*** Opening Provided data ***

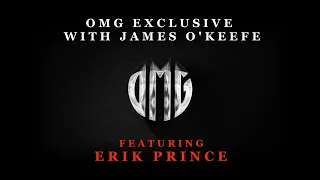 OMG Exclusive with James O’Keefe featuring Erik Prince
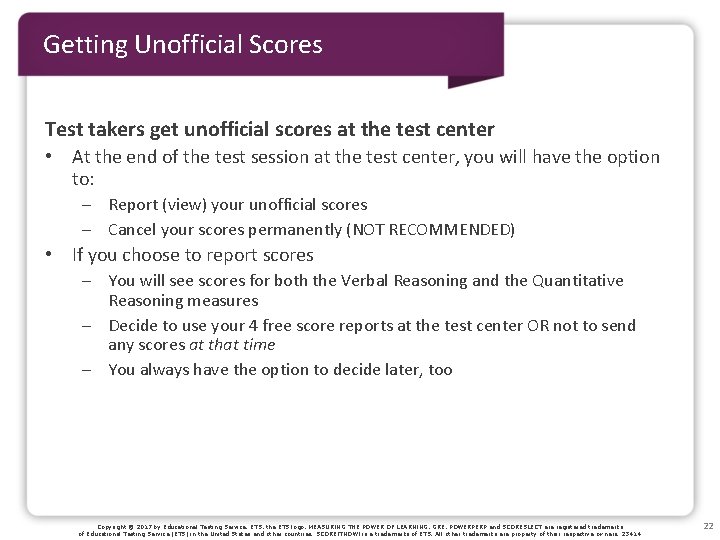 Getting Unofficial Scores Test takers get unofficial scores at the test center • At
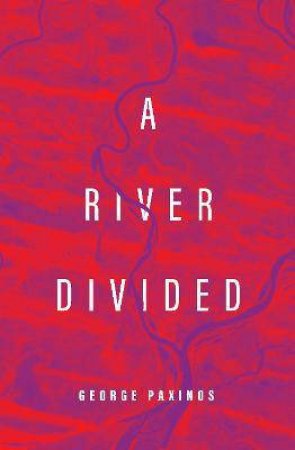 A River Divided by George Paxinos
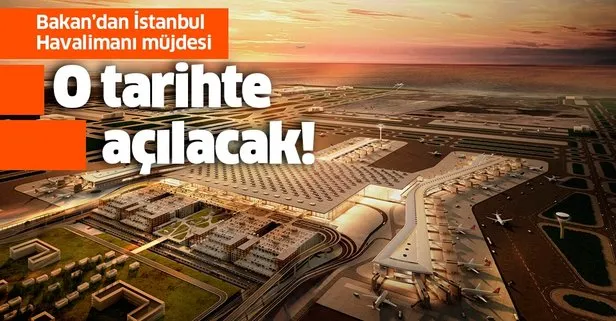 Bakan Turhan’dan İstanbul Havalimanı müjdesi: 2022 yılında hizmete vermiş olacağız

*** Closing Provided data ***

_Task goal_
Quote all the lines above exactly as given. Do not include the pictures.

_Solution to this task_
 OMG Exclusive with James O’Keefe featuring Erik Prince
 Getting Unofficial Scores Test takers get unofficial scores at the test center • At
 A River Divided by George Paxinos
 Bakan Turhan’dan İstanbul Havalimanı müjdesi: 2022 yılında hizmete vermiş olacağız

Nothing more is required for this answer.